Christian Streich: Nach dem Hauptschulabschluss habe ich eine Berufsausbildung zum Industriekaufmann absolviert. Zur gleichen Zeit habe ich beim Freiburger FC in der 3. Liga Fußball gespielt. Es folgten Jahre im Profifußball beim FC Homburg und bei den Stuttgarter Kickers. Ich wollte jedoch zurück nach Freiburg. Dort habe ich am Kolping-Kolleg mit BAföG-Unterstützung an einer Ganztagesschule über drei Jahre das Abitur nachgeholt. Erst mit 28 habe ich anfangen, an der Universität zu studieren: Sport, Geschichte und Deutsch auf Lehramt. Weil ich hier verwurzelt bin, wollte ich in Freiburg studieren, was dann auch funktioniert hat.
Warum haben Sie nach Ihrer Berufsausbildung das Abitur nachgeholt?

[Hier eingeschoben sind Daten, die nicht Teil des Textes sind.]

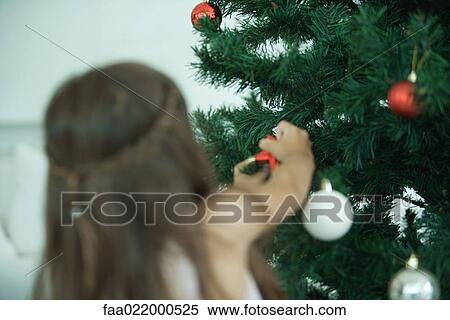 Girl decorating Christmas tree View Large Photo Image Stock Photography - Girl decorating Christmas tree. Fotosearch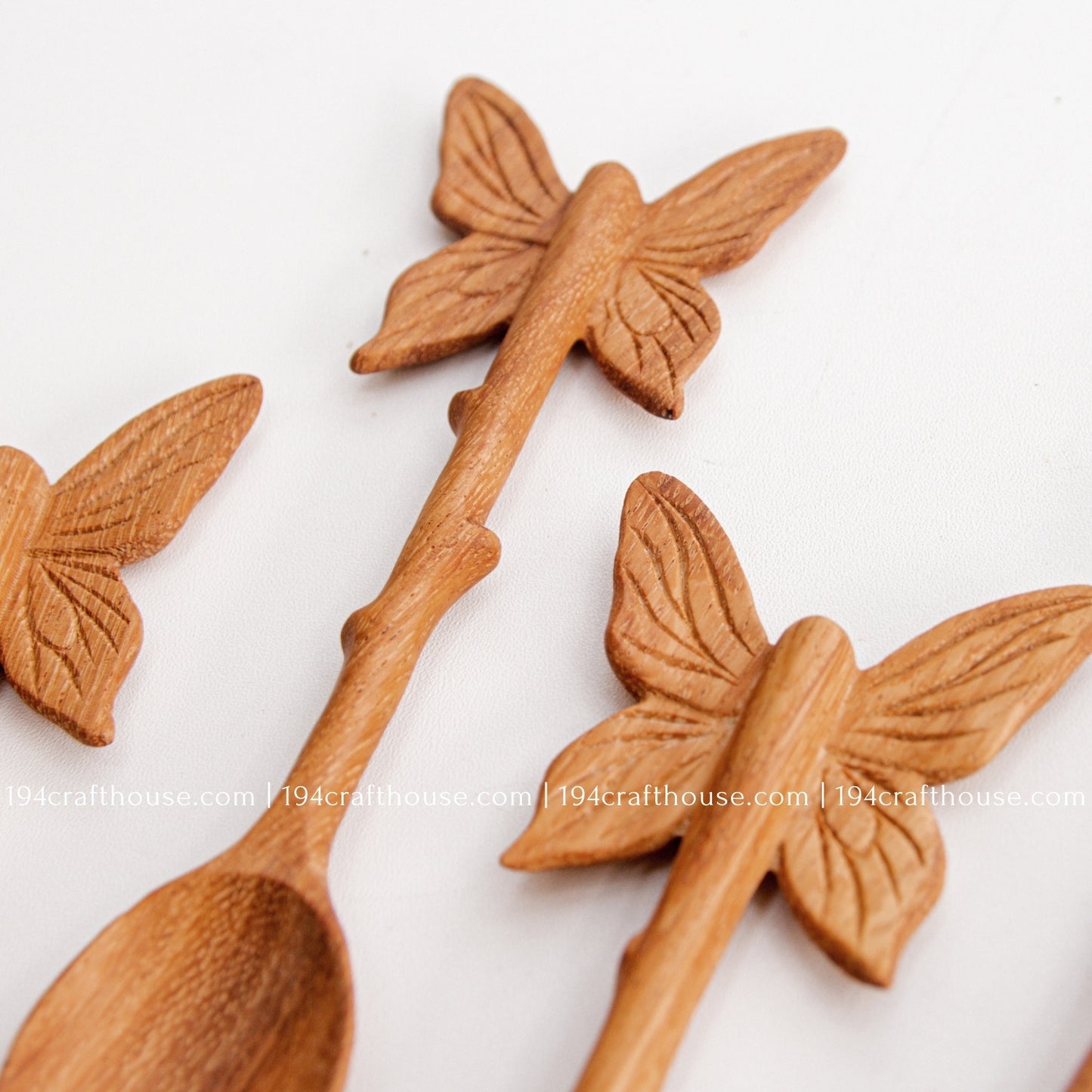 Hand-carved Butterfly wooden spoons crafted from doussie wood, featuring a sculpted butterfly handle on a white background.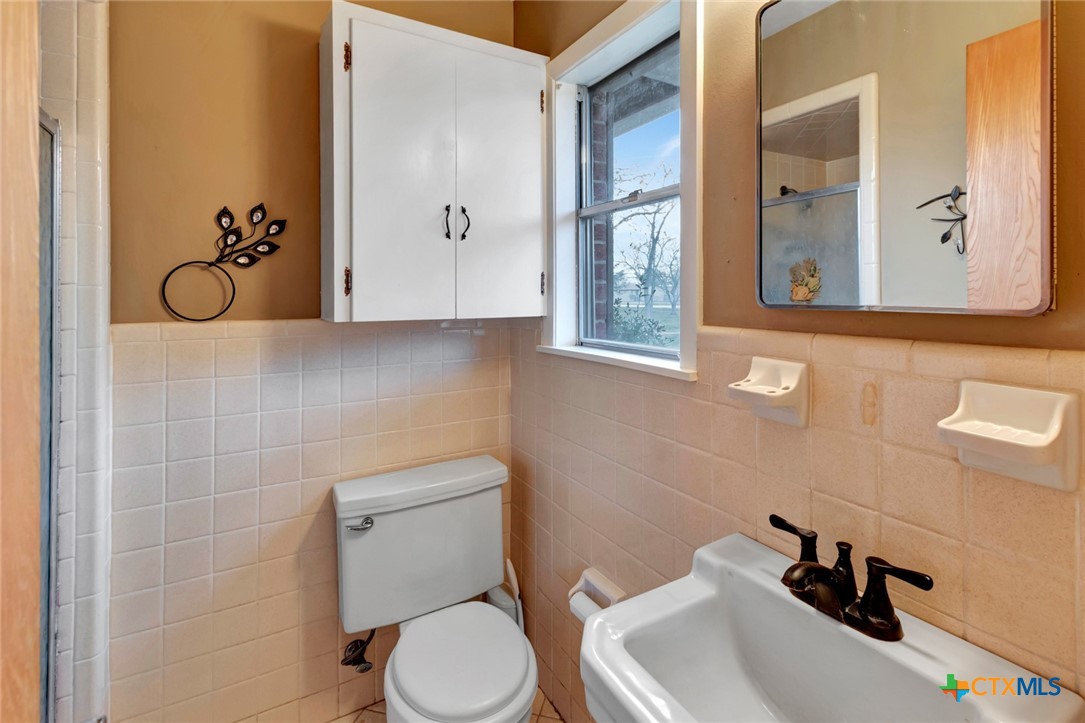 711 Northgate Road Victoria, TX 77904 - Photo 26 of 37 a bathroom with a toilet sink and mirror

Streich: Weil ich gerne studiere wollte. Was mich immer interessierte, war Literatur und Geschichte, besonders die deutsche, die ja im 20. Jahrhundert sehr bewegt war. Sport hat sich auch angeboten.
So haben Sie Germanistik, Geschichte und Sport auf Lehramt studiert …
Streich: Ja, aber in erster Linie gar nicht mit dem Berufsziel Lehrer. Es ging mir um das Studium an sich. Aber ich habe mich schon gefragt, was ich nach meinem Abschluss damit machen soll. Ich war ja bereits 28. Daher war es für mich naheliegend, auf Lehramt zu studieren, um direkt ein Berufsziel für die Zeit nach dem Studium zu haben.

„Studieren zu können, Vorlesungen zu besuchen und von Professor*innen zu lernen, sind Dinge, mit denen ich ein paar Jahre zuvor nicht gerechnet hatte.“
Christian Streich
Alumnus der Universität Freiburg und ehemaliger Trainer des SC Freiburg
Wie war es für Sie, nach der Berufsausbildung und den Jahren im Profisport an die Universität zu kommen?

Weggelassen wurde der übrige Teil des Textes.